# License Plate



## Kimijean (Jan 15, 2013)

My husband collects license plates from all over the world. We've recently moved to Maadi and he wants an Egyptian license plate for his collection but I can't seem to find them anywhere. Usually we find them in antique shops or junkyards. Any suggestions on where I might find one? Taking a screwdriver and removing it off an abandoned car is not an option . 

I was really hoping to find one for him for Christmas.


----------



## Guest (Dec 3, 2013)

Here's the reply I got from asking Egyptian friends:

The plates stay with the car because they act as the cars registration unless the car is moving to another governorate. It's mandatory that you deliver the old plates to their DMV and take the new ones. In Egypt there is no registration for any taxi's anymore. So the taxi driver's of old cars that go out of service can sell their plates for 25,000 pounds. They're not selling the plates but the access to the registration to operate a taxi.

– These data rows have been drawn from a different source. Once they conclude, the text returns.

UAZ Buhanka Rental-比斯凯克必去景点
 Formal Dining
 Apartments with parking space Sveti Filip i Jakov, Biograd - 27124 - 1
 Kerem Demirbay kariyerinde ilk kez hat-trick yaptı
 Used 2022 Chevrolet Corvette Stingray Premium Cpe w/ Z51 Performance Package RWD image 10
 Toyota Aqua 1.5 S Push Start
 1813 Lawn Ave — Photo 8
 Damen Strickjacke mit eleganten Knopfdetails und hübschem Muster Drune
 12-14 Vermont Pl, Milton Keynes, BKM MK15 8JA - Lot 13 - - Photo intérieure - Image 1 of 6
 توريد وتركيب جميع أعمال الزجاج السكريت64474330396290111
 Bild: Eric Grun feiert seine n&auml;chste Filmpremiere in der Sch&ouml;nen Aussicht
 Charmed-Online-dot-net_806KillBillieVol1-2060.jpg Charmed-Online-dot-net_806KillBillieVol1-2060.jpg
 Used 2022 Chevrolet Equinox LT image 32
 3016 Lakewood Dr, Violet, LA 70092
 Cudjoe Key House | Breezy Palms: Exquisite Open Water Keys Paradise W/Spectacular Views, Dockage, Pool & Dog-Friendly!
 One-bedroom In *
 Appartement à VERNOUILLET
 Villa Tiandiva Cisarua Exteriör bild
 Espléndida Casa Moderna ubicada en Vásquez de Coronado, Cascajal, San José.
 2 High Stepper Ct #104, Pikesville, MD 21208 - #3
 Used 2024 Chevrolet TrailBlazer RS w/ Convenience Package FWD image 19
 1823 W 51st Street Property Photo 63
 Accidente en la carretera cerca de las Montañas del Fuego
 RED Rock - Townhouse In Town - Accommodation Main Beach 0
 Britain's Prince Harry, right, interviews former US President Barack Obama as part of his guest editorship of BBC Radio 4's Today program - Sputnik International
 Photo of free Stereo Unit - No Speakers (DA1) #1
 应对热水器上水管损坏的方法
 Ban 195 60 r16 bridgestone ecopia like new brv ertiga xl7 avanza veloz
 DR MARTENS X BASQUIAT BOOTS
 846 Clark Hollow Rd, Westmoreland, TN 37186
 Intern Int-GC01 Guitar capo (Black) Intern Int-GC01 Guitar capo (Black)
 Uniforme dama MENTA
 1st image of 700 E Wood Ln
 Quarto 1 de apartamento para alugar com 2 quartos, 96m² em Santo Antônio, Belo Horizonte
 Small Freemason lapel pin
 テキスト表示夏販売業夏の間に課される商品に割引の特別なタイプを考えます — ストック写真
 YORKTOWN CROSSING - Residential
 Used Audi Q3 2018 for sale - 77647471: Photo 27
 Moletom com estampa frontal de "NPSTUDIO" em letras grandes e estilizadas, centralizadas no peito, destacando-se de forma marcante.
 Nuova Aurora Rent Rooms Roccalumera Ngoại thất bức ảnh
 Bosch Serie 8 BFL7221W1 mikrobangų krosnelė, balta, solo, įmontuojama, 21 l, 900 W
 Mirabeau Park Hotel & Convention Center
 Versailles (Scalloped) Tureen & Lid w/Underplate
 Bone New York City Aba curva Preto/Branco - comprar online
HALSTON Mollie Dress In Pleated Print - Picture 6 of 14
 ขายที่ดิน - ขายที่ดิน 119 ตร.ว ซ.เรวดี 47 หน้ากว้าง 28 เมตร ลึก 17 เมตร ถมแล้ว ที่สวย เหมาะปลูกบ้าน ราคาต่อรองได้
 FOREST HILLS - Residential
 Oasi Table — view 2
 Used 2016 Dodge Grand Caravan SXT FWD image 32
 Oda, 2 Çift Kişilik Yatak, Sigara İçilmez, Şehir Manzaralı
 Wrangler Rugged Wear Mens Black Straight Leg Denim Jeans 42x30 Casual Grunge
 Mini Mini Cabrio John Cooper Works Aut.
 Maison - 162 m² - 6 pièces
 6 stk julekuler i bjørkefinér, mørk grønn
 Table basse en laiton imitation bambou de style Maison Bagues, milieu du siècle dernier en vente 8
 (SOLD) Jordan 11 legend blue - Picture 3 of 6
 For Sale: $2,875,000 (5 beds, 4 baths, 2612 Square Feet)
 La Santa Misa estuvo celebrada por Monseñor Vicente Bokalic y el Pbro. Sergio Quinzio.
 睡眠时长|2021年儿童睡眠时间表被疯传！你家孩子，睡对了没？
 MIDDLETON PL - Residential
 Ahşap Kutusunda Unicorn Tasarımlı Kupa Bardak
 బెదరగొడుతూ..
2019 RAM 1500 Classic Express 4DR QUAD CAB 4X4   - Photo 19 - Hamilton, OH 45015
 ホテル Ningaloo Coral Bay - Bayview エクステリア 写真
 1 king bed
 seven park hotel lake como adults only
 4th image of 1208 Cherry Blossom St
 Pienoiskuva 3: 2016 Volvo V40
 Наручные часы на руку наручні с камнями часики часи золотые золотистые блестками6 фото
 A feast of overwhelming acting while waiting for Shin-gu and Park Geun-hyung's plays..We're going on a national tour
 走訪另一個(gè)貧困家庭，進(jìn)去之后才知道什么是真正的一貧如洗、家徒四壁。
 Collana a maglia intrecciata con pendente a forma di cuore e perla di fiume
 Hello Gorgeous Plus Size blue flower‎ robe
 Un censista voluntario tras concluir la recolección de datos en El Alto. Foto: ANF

They said the only way to get plates yourself was to have papers for a new car.

Some suggested that you might explain to someone with a car that you collect plates from countries and offer 50 pounds for their plates so they can get a replacement. That it would be easy for the person to make an official report saying they were traveling on the highway and had an accident where they found at their destination they lost one of their plates.

Another suggestion was to ask a mechanic to get you plates.


----------